新生ゼロワンの〝伝説の不死鳥〟ハヤブサが、新たな姿への〝脱皮〟を模索している。
昨年4月27日の「ルチャフェススペシャル」で衝撃デビュー。破竹の快進撃で、同7月のゼロワン伝統のリーグ戦「火祭り」を制した。ところが同11月の後楽園大会でノアの清宮海斗に敗れると、大事な一戦を落とすようになる。新崎人生とのコンビで臨んだ暮れの「風林火山」タッグトーナメント決勝では、松永準也組に敗退。しかも松永から直接フォールを奪われ、今月6日の板橋大会では松永に一騎打ちで初黒星を喫し世界ヘビー級王座挑戦権を逃した。
20日の東京・新木場1stリング大会では、フリーの中嶋勝彦に20分を超える激闘の末にノーザンライトボムで沈められた。中嶋からは実力を認められたものの、不死鳥は一時の勢いを失っているのは間違いない。本人はこのスランプをどう捉えているのか。
試合後に取材に応じたハヤブサは、「昨年4月に〝ハヤブサ復活〟としてデビューさせてもらって、江崎さんのハヤブサの姿、形を映して戦ってきた。でもそれだけじゃ、プロレス界では及ばないのかなと。ハヤブサというレスラーはすごいレスラーだと思うので、自分はハヤブサの〝力〟に乗っかっているだけ」と冷静に分析する。
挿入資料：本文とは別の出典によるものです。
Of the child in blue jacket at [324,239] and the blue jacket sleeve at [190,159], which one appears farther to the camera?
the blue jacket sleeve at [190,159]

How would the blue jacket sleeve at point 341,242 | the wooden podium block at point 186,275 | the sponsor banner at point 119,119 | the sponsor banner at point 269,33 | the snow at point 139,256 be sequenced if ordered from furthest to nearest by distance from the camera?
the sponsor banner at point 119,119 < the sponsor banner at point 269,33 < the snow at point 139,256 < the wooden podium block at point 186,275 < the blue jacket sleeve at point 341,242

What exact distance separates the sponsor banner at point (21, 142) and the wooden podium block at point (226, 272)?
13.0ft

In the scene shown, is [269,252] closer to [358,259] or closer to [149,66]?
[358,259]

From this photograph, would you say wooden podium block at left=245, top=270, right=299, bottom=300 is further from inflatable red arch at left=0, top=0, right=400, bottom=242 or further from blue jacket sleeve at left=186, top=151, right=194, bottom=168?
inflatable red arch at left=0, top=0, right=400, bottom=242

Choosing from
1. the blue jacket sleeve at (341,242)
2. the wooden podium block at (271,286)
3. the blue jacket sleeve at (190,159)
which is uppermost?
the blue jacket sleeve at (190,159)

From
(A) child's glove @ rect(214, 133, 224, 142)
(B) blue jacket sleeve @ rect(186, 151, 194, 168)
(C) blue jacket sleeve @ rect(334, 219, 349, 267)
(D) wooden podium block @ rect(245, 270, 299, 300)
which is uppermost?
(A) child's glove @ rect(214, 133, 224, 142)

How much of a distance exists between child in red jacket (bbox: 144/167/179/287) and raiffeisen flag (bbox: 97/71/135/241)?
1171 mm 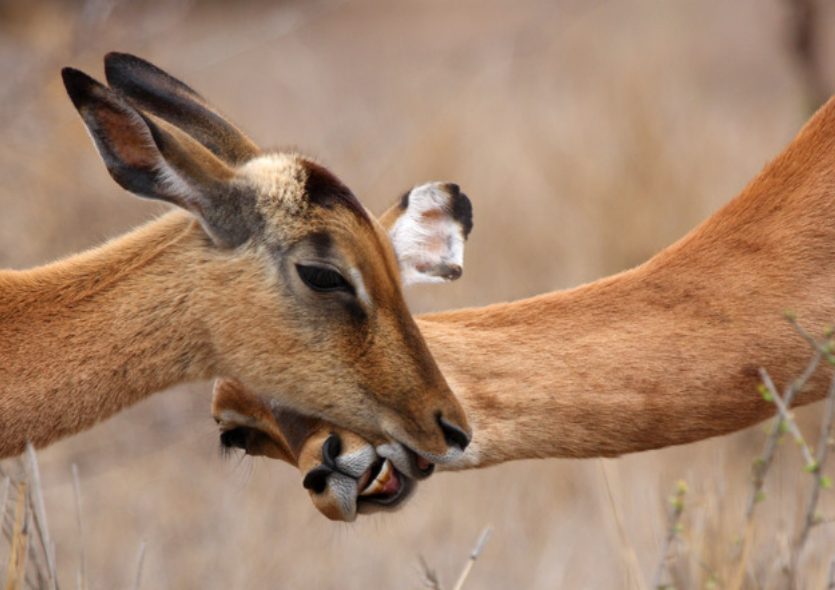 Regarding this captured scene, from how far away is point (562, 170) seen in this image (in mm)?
9070

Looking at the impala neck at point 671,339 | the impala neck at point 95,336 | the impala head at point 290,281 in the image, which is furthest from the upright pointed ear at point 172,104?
the impala neck at point 671,339

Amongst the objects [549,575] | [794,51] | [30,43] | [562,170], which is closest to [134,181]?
[549,575]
故江崎英治さんのハヤブサはFMWのエースとして活躍。現在のハヤブサは江崎ハヤブサを〝コピー〟してきたが、やはりそれだけでは通じなくなってきた。「何か変化をつけなきゃいけない。それは大きな変化じゃなく、ちょっとの変化で歯車はかみ合うと思う。ハヤブサの力に自分の力を相乗して、もっと上にいけるようにしたい。何が合うのか、いろんなことを試みないと」。現在は江崎ハヤブサから〝脱皮〟して、新たなハヤブサ像を追い求めている最中だという。
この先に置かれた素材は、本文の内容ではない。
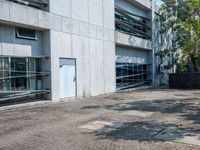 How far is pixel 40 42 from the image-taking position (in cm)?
1536

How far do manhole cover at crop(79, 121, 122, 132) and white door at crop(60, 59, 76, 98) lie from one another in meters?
6.88

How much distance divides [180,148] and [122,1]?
19646 millimetres

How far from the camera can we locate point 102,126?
30.2ft

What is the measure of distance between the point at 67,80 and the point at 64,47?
1.99 metres

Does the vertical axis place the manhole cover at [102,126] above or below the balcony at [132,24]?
below

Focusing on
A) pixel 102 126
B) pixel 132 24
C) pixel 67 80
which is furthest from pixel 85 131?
pixel 132 24

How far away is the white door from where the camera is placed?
1628 centimetres

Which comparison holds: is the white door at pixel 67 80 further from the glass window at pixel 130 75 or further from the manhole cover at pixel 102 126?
the manhole cover at pixel 102 126

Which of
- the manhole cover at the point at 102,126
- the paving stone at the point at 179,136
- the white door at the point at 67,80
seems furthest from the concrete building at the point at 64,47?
the paving stone at the point at 179,136

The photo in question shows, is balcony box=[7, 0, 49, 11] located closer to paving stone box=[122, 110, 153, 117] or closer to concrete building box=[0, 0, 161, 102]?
concrete building box=[0, 0, 161, 102]

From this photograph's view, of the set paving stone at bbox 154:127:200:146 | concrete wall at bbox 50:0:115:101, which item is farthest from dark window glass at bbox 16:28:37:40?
paving stone at bbox 154:127:200:146

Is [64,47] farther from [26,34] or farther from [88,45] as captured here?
[88,45]

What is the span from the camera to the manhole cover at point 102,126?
8.77 m

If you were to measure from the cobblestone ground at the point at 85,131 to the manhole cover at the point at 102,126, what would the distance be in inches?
8.0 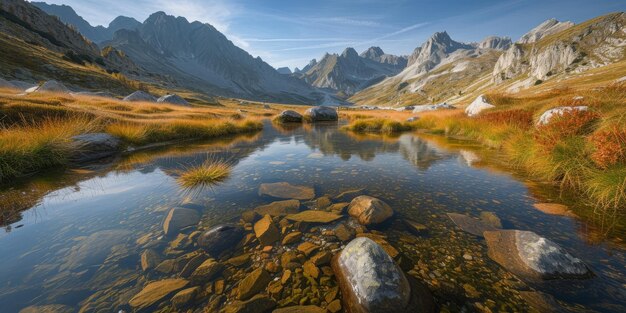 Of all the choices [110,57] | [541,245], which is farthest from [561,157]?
[110,57]

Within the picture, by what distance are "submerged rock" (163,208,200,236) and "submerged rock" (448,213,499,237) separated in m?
5.94

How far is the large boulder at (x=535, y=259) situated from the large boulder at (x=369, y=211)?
6.60ft

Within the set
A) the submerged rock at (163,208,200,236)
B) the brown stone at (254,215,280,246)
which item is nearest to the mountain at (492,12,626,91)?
the brown stone at (254,215,280,246)

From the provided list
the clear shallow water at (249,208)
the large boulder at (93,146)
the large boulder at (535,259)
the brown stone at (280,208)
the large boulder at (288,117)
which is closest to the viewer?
the clear shallow water at (249,208)

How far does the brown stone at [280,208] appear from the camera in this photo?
5738 millimetres

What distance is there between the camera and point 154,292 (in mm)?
3346

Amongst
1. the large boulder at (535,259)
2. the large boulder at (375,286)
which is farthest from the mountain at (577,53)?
the large boulder at (375,286)

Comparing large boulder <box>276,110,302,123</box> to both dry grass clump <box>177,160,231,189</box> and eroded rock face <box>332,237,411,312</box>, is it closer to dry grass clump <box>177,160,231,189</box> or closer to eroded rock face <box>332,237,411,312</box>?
dry grass clump <box>177,160,231,189</box>

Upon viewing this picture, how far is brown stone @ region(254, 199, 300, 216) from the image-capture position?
5738mm

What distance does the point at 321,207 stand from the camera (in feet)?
19.9

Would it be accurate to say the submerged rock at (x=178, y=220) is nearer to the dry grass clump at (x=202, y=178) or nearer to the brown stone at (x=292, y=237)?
the dry grass clump at (x=202, y=178)

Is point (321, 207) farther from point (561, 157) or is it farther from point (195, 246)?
point (561, 157)

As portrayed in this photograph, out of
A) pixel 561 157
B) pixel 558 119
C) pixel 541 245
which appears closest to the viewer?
pixel 541 245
中嶋戦でも飛びつき腕ひしぎ逆十字固めなど、江崎ハヤブサにはない攻撃を披露した。「相手が中嶋勝彦だから出たというところ。全力の自分をぶつけないと試せないと思うので、これからも強い相手と削り合って、今のハヤブサを研ぎ澄ませていきたい。江崎さんのハヤブサの魂、技を引き継いだ上で、今のハヤブサをつくっていきます」
4月3日の新宿フェイス大会では、BUSHI(ロス・トランキーロス・デ・ハポン)とのシングル戦が控える。不死鳥は今後も強敵と変化を追い求めていくつもりだ。